The primary religion in Moldova is Eastern Orthodox Christianity. Because of this, Easter is arguably the most important religious holiday in Moldova. During April there are many traditions (most related to the Church) that are followed to celebrate Easter. For example, many people use a different greeting and response during this time (Greeting: “Hristos a inviat” which means “Jesus resurrected.” Response: “Adevarat a inviat” which means “Indeed resurrected”).
It is also customary to color eggs, and make Easter cakes and Easter bread. Furthermore, many people follow “post” (Lent) in the six weeks before Easter Sunday. During this time many people will not eat meat or drink alcohol, and because of this most restaurants offer a separate vegetarian “de post” menu.
I celebrated with a picnic in Ciocana, as well a midnight mass at one of the city’s biggest churches. This consisted of an Easter vigil (where everyone brought the light from the church candles back to their houses) and, of course, the Easter service.
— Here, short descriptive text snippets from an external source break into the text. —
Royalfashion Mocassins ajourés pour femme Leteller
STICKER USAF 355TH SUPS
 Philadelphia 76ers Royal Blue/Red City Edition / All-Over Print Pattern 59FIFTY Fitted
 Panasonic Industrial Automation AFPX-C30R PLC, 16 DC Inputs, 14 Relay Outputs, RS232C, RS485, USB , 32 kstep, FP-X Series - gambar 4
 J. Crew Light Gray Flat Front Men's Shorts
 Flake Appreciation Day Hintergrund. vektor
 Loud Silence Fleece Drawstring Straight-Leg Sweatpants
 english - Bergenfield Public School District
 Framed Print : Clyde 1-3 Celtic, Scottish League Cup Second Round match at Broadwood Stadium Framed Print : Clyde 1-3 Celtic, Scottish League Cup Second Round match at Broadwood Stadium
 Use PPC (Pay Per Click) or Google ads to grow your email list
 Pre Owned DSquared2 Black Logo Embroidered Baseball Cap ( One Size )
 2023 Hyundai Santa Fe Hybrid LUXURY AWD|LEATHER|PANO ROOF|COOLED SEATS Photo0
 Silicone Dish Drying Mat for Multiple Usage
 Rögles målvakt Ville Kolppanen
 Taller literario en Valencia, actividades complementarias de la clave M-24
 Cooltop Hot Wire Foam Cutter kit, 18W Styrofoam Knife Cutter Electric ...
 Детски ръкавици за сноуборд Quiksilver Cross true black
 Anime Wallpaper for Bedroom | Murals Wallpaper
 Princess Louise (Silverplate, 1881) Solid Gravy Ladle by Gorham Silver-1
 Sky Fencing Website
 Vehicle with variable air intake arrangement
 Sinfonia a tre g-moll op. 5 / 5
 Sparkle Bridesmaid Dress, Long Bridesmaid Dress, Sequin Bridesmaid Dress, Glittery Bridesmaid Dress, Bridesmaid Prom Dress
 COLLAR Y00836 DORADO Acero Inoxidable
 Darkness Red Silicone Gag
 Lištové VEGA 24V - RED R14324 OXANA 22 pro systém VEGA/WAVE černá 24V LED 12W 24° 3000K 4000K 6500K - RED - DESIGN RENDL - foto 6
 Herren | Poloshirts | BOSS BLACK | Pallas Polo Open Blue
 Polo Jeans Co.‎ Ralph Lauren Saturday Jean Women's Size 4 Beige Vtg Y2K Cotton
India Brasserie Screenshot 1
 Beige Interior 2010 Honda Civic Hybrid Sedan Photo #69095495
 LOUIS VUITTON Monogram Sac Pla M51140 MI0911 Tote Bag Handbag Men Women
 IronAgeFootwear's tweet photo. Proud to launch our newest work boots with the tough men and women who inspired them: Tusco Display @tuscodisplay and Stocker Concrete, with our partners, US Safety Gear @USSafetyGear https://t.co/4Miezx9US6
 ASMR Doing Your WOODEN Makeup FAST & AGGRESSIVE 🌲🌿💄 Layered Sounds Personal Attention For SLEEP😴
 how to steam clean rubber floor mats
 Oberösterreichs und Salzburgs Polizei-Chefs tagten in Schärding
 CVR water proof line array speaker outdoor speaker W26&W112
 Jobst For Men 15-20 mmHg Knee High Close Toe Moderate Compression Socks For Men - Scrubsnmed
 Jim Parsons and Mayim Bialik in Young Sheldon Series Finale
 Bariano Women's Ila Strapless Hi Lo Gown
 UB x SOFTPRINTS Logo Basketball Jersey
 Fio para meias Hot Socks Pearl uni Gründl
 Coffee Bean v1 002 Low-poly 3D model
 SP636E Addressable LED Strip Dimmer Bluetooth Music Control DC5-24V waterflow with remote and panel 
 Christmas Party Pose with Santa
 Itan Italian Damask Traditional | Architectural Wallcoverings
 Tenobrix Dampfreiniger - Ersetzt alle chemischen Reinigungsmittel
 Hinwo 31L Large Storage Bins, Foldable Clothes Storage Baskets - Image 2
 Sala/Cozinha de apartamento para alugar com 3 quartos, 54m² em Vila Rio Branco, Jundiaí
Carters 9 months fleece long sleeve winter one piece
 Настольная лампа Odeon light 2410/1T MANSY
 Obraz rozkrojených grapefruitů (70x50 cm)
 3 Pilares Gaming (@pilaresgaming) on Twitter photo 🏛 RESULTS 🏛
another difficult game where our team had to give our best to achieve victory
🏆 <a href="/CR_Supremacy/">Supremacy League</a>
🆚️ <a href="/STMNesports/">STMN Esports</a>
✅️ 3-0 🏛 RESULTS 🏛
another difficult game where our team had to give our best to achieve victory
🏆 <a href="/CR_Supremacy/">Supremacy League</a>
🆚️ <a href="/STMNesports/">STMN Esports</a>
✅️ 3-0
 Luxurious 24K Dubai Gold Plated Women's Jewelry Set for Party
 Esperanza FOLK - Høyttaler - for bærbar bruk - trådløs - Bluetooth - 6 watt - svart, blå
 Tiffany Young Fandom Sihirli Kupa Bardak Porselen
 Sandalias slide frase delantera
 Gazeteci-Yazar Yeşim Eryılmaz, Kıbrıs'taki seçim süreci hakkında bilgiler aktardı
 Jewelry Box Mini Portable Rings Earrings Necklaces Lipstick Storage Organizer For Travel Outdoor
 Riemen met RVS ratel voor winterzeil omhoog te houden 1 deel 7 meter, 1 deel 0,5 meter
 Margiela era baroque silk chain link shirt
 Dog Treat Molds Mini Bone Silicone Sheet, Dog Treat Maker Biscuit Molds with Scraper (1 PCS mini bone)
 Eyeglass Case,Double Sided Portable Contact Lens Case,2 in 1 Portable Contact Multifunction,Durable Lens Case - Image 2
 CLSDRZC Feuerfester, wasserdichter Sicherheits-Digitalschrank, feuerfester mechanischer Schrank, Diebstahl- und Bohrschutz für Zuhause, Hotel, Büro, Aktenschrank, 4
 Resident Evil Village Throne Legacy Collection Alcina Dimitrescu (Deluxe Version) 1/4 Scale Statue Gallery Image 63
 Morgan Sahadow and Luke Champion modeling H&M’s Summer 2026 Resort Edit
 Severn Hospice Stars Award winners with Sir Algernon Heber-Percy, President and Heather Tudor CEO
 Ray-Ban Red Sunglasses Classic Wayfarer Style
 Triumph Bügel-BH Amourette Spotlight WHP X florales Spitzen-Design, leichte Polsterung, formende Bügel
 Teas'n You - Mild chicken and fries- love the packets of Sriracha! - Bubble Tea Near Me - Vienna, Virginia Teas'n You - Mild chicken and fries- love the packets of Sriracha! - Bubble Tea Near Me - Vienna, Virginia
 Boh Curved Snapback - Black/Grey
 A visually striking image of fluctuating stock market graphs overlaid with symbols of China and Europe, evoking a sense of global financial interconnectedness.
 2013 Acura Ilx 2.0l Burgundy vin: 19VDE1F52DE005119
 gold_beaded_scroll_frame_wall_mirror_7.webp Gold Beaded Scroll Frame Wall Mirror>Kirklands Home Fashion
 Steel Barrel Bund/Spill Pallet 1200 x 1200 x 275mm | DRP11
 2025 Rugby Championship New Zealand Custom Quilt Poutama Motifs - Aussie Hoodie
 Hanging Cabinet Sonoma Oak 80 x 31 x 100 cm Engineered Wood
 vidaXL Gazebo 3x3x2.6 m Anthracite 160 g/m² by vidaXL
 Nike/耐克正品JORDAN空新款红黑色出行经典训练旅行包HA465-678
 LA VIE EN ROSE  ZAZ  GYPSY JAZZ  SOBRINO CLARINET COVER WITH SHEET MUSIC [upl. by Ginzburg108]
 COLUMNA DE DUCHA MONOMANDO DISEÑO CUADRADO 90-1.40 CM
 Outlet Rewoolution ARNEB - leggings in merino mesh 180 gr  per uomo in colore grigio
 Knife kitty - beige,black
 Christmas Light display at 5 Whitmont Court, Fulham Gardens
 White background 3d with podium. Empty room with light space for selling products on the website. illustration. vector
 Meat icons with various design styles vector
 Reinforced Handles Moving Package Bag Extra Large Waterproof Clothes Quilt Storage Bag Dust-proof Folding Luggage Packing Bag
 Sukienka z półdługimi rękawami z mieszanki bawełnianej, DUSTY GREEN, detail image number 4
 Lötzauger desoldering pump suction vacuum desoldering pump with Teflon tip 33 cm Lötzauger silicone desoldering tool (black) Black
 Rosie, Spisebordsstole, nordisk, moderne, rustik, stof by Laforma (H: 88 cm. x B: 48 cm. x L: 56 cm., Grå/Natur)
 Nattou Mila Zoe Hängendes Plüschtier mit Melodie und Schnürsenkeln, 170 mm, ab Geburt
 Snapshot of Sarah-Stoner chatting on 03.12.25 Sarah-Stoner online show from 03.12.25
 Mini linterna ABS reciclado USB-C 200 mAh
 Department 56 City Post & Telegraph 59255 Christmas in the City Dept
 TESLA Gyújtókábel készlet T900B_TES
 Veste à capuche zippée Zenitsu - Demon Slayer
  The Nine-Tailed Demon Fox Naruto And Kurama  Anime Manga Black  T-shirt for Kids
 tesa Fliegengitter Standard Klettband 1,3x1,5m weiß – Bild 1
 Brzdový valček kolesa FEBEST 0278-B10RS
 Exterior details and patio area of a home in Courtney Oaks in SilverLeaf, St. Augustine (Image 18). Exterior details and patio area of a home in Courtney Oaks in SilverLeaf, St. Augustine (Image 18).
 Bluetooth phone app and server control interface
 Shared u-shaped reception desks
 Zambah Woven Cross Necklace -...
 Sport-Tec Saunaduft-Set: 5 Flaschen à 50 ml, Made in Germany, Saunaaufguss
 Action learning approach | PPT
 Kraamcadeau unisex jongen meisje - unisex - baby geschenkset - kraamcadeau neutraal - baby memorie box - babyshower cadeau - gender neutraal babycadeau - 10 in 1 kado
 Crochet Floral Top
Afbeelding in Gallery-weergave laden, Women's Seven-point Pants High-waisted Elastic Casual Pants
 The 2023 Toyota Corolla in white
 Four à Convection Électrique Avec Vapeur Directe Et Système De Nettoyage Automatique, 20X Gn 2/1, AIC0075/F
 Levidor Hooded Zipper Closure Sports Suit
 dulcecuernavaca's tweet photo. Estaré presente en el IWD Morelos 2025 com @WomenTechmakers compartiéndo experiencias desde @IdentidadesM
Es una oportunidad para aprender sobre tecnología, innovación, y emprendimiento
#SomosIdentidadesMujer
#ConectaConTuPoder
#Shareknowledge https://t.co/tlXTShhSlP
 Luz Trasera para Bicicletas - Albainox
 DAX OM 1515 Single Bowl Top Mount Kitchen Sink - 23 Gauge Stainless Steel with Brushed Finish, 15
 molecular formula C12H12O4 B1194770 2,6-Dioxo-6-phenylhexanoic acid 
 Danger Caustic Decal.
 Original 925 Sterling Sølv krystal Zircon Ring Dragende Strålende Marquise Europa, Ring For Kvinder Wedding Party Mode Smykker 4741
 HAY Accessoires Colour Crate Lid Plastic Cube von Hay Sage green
I had never been to an Orthodox service before, and so this was a very interesting experience. My favorite part was the beginning of the service, when we walked around the church three times with our candles. After this came the mass, which was four hours long (however I only lasted until 2:00am). The night concluded with the priests going to the street to bless big baskets of food. I’m sorry that I missed this part, although I did take some pictures of the people lining up to get their food blessed before I left.